Members of the Jamaica Defence Force at a crime scene in Rose Heights, St James, where five persons were shot, two fatally.

Dr Karelle Hytlon, PhD Counselling Psychologist

Dear Counsellor:
I LIVE in a community that is experiencing a crime wave that we have not seen before. I am 16 years old, and I have two younger sisters, 12 and nine. I have seen where girls a little older than my sisters have been used by ‘bad men’ in my community. Counsellor, I love my sisters, and I swear that if anyone thinks that he is going to abuse my sisters, he is wrong. I am willing to go to whatever lengths to protect them. I do not believe that the police can help because this thing has been going on for the longest time, and nothing is happening. I am a student at a non-traditional high school, and I find it very difficult these days to study and do well. I do not want to join a gang. I do not want to see my sisters hurt. What can you do to help?
– G.B.

Dear G.B.,
I empathise with you and your presented issue. Crime in any community usually has a negative impact on the daily functions of families, especially the young and vulnerable. I hear where you say that there has been an increase in crime in your community, and this is unfortunate. I also hear that you have little faith in the authorities on the matter of crime prevention and community support. Persons are afraid for their lives and maintain a silence that, in turn, gives the ‘bad man’ a safe place to operate.

As a community, everyone should have freedom to state his or her views and report the perpetrators of crime so that order can be restored. The concern that you have shared about your sisters is also an unfortunate reality. Might I suggest that you and your family relocate? That is an option available to you and your family. Now, relocating may appear on the surface as ‘running away’. This is just one option to remove yourselves from the immediate threat. I might also suggest that you speak to your local political and pastoral representatives on the matter. I understand where you said that you would go to any lengths to protect your sisters. Would this include having a community meeting with other youths like yourself, the police, and other key community stakeholders, to include the ‘bad men’, so that a discussion and a plan for reducing crime and violence and improving community development can be arrived at?

I can see where this has begun to affect your ability to function in school. Get the support from your guidance counsellor and your teachers. I appreciate that you do not want to get involved in a gang, and I surely hope that you will not.
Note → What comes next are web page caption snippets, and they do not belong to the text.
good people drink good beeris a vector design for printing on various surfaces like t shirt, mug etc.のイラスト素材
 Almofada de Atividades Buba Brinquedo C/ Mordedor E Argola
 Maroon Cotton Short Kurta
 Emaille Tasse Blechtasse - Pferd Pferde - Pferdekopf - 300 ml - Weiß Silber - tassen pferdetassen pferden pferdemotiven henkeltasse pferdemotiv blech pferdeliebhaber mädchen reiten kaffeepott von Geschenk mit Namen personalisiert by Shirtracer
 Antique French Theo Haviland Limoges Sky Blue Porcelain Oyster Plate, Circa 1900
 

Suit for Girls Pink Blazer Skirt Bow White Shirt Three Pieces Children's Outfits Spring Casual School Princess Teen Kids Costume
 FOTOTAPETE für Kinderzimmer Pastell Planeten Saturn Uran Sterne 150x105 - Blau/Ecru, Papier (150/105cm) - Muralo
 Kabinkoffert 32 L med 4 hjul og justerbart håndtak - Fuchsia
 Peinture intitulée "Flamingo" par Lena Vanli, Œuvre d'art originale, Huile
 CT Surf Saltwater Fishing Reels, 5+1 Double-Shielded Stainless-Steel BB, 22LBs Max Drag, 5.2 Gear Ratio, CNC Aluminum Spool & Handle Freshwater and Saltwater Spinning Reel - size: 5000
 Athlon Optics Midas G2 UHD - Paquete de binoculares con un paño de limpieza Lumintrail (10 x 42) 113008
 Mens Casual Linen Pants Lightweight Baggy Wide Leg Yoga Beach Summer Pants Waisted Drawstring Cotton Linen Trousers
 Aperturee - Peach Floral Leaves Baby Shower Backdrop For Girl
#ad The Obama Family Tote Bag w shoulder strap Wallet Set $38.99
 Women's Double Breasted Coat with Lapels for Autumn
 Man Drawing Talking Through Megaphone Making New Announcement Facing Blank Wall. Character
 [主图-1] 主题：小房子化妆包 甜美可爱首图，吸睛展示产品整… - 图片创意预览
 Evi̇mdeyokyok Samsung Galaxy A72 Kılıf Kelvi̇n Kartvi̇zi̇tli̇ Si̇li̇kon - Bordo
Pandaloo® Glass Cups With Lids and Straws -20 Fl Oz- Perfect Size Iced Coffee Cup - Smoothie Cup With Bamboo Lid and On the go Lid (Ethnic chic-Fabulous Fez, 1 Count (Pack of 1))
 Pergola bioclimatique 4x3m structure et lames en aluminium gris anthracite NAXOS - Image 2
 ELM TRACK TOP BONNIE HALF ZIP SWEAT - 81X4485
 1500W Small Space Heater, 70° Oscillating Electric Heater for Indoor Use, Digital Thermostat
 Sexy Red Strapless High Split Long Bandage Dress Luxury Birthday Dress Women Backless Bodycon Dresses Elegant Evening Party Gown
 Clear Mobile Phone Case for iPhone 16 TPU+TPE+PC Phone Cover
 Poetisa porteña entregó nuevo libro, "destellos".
It is very difficult to be different in this world, but I must encourage you to keep the faith and embrace courage that you will accomplish all that you were purposed to do for yourself and your community.

I sincerely hope that your community will realise the importance of working through issues and coming together for the good of all involved and that you and all the families living there will be able to be the best citizens possible, free from crime and violence and engaging in productive community activities.